“We don’t just need a wealth tax, we also need to give the IRS the tools it needs to make sure the ultra-rich finally pay their fair share.”
April 15, 2021
Following IRS Commissioner Charles Rettig’s admission Tuesday that tax dodgers are depriving the federal government of as much as $1 trillion or more per year, Congresswoman Pramila Jayapal called for strengthening the agency’s ability to crack down on the rampant tax avoidance strategies used by America’s wealthiest individuals and corporations.
“We don’t just need a wealth tax,” said the Washington Democrat, who is a co-sponsor of the Ultra-Millionaire Tax Act that was introduced last month by Sen. Elizabeth Warren (D-Mass.). If enacted, the bill would levy a 2% annual tax on the net worth of households and trusts above $50 million, plus a 1% annual surtax on billionaires—bringing in at least $3 trillion in revenue over 10 years without raising taxes on 99.95% of U.S. households.
While Warren’s wealth tax legislation includes robust anti-evasion measures, Rep. Ro Khanna (D-Calif.) in February unveiled a standalone bill—the Stop Corporations and Higher Earners from Avoiding Taxes and Enforce Rules Strictly (CHEATERS) Act—that would provide $100 billion in additional funding to the IRS over a decade, enabling the agency to bring in an estimated $1.2 trillion in federal revenue during those 10 years.
Such an investment in beefed-up enforcement is sorely needed, according to Rettig’s testimony during Tuesday’s Senate Finance Committee hearing.
Although the IRS has officially calculated a “tax gap” of $441 billion based on figures from 2011-2013, Rettig—who was appointed to lead the IRS in 2018 by former President Donald Trump after spending decades battling the agency—said the difference between taxes owed and taxes paid “could approach and possibly exceed $1 trillion per year.”
Sen.
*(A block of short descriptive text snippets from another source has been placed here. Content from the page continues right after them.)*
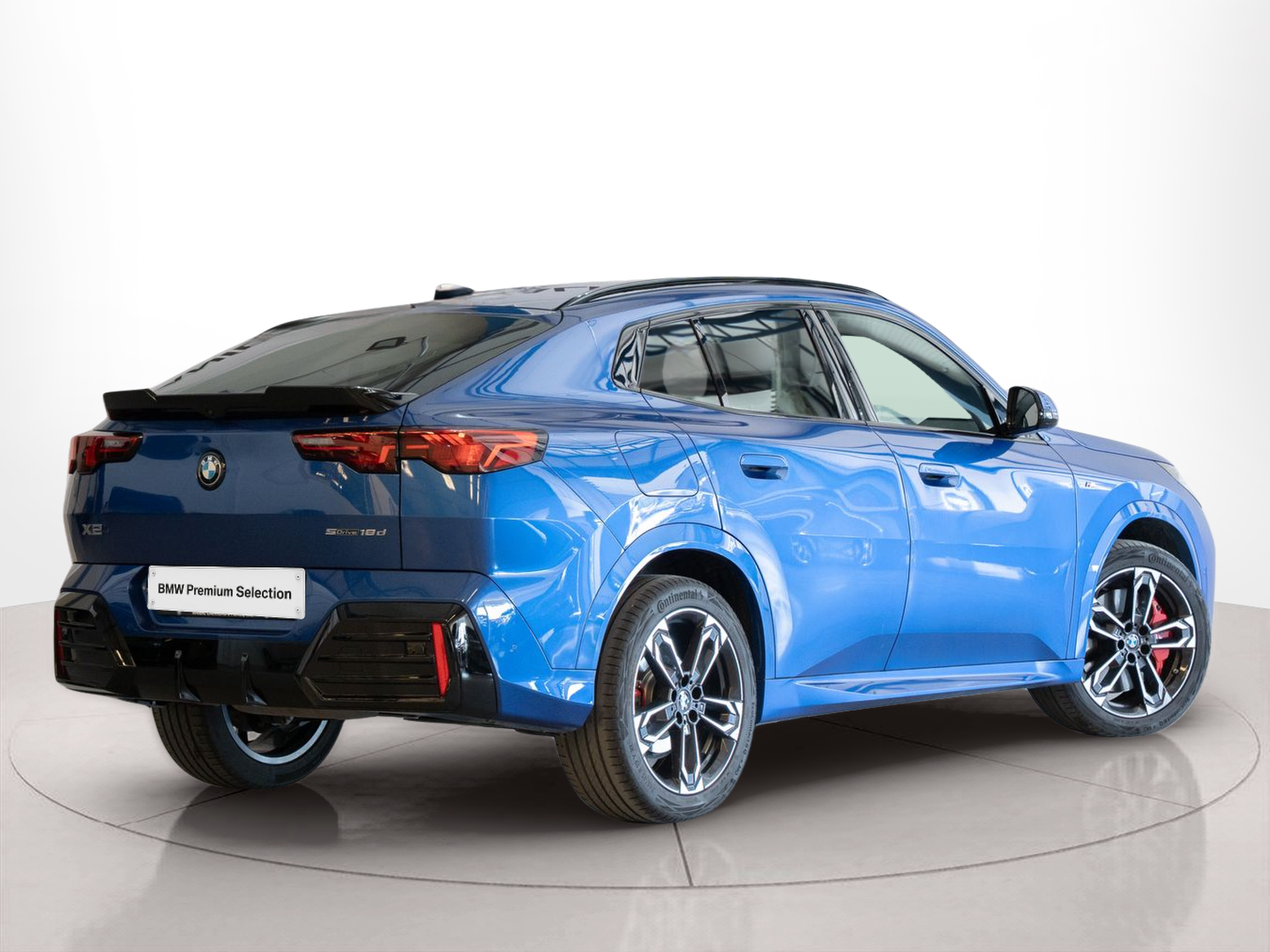 BMW X2 sDrive18d color Azul. Año 2024. 110KW(150CV). Diesel. En concesionario Aníbal Carvalho & Filhos, S.A. de Santarém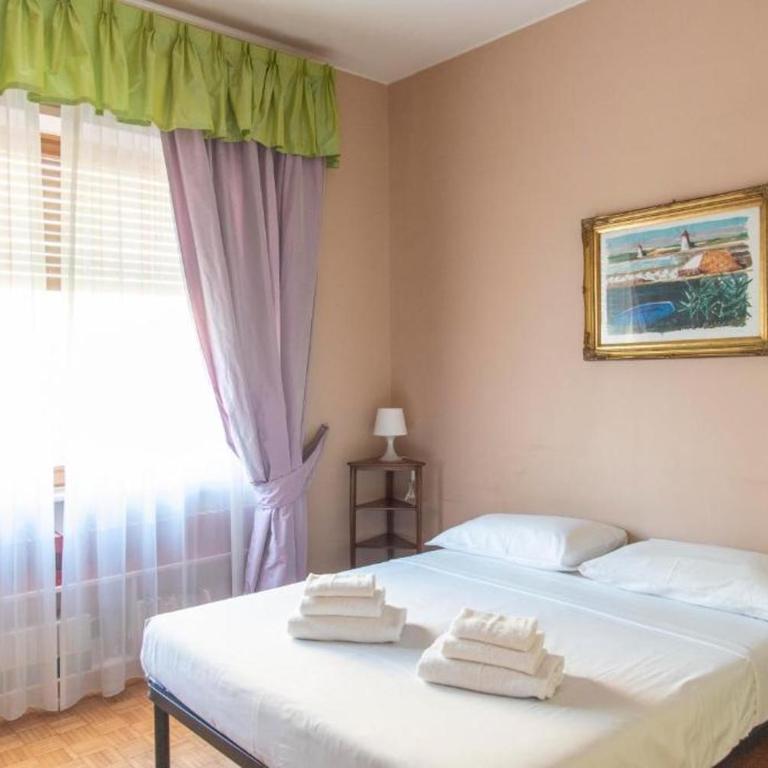 Aurelia Rooms with parking and near Vatican - Camera Matrimoniale con Bagno Privato Esterno - 14
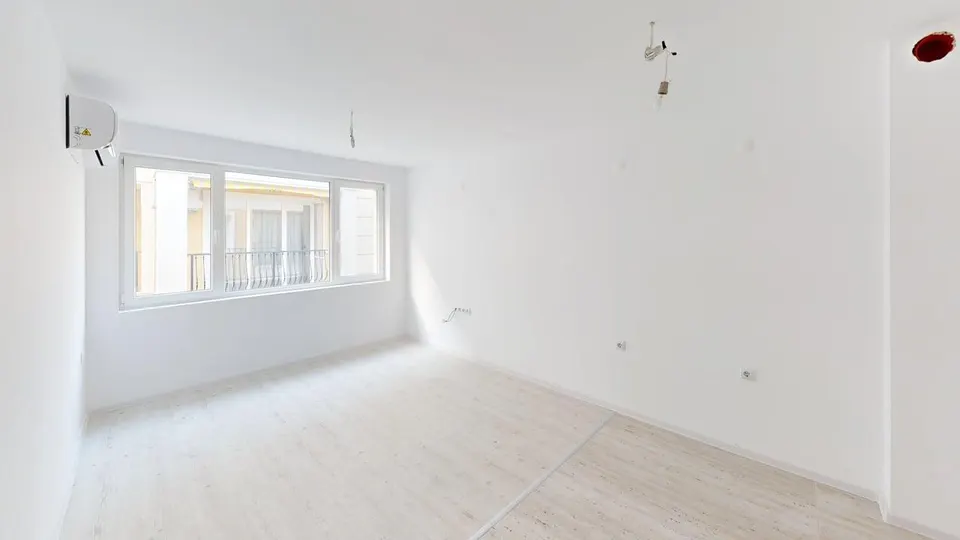 2-Zimmer-Wohnung mit Meerblick in Grand Villa, Sweti Wlas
Ron Wyden (D-Ore.), chair of the Finance Committee, called the estimated $1 trillion tax gap a “jaw-dropping figure.”
“The fact is that nurses and firefighters have to pay with every paycheck and so many highfliers can get off,” Wyden said.
It's really pretty amazing that this has been allowed to go on so long while we "verify" (audit) basically every other student just trying to get financial aid to afford college. https://t.co/jYwjwSXAYx
— Bryce McKibben (@bmckib) April 13, 2021
Politico reported Tuesday that “a confluence of factors suggest the tax-gap growth Rettig projected, including increased virtual currency holdings, which weren’t figured in the 2011-2013 period but now amount to more than $2 trillion worldwide.”
“Rettig also said counting foreign-source income and illegal-source income would increase the tab, too, and that IRS research indicates $175 billion in underpayments among the wealthiest Americans,” the news outlet noted.
While Rettig’s prediction of a $1 trillion-plus tax gap far exceeds the IRS’s outdated estimate—the next official one will be released next year—it is hardly a surprise to IRS researchers themselves. Last month, as Common Dreams reported, two of the agency’s analysts, along with a team of progressive economists that included Emmanuel Saez and Gabriel Zucman of the University of California, Berkeley, published a paper that documents the scale of tax evasion at the top of the income distribution.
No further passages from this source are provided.